All lines in the records below that hold "noir" are to be shown.
-------- Records --------
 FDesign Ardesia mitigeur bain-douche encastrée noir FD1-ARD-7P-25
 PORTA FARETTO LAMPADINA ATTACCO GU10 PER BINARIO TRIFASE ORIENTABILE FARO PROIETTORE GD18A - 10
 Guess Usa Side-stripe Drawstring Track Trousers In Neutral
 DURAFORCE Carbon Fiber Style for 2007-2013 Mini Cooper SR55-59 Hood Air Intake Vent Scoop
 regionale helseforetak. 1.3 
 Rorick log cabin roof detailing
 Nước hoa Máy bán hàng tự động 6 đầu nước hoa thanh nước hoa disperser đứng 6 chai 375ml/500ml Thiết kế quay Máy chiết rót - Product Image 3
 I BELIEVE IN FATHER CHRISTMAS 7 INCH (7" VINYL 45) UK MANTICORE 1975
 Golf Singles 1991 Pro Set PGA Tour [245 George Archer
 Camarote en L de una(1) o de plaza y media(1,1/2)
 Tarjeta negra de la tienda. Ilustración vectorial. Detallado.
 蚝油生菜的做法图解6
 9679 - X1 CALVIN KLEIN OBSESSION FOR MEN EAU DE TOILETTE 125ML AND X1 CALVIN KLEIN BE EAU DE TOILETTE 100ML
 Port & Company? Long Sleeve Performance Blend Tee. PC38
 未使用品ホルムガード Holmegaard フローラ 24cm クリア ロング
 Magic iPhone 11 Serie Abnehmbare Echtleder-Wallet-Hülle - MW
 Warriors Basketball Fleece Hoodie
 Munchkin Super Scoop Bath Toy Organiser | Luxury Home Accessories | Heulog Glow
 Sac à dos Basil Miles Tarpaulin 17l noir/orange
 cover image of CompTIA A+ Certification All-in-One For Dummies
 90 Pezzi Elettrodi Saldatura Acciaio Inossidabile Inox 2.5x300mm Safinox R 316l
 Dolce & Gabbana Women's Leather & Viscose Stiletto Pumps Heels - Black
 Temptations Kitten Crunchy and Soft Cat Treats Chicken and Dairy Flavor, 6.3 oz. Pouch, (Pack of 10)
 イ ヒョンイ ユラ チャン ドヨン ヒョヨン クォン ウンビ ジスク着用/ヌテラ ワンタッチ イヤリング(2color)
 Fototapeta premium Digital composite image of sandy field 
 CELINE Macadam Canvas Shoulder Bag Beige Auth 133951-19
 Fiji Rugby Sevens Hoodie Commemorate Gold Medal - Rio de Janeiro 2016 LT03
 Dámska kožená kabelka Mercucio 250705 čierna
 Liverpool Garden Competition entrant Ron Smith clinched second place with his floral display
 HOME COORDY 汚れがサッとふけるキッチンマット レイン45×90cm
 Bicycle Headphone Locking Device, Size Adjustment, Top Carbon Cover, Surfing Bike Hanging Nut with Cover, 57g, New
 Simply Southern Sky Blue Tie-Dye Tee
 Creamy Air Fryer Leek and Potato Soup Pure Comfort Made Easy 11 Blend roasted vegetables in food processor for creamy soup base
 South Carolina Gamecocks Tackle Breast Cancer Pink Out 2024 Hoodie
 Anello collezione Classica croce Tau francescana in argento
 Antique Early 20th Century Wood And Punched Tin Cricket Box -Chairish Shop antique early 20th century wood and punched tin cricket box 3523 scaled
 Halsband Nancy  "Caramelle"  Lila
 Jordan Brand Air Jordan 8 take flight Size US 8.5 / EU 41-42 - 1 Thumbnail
--------
▶ Written response
 FDesign Ardesia mitigeur bain-douche encastrée noir FD1-ARD-7P-25
 Sac à dos Basil Miles Tarpaulin 17l noir/orange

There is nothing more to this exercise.